• WORK ITEM: Set down the listing exactly as given, minus images.

• DATA PROVIDED:
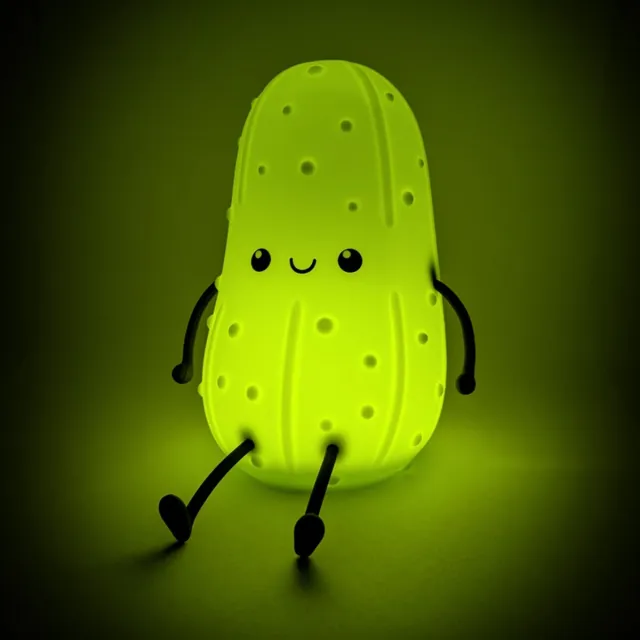 Gift Republic Lamp - Positive Pickle Groen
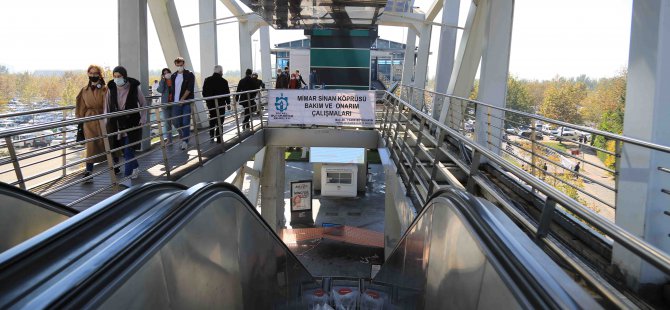 Üst geçitler bakım ve onarımdan geçiyor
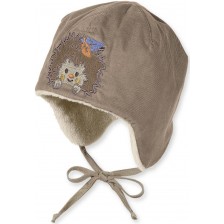 Бебешка зимна шапка Sterntaler - Ежко, 41 cm, 4-5 месеца, кафява -1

• ANSWER BELOW:
 Gift Republic Lamp - Positive Pickle Groen
 Üst geçitler bakım ve onarımdan geçiyor
 Бебешка зимна шапка Sterntaler - Ежко, 41 cm, 4-5 месеца, кафява -1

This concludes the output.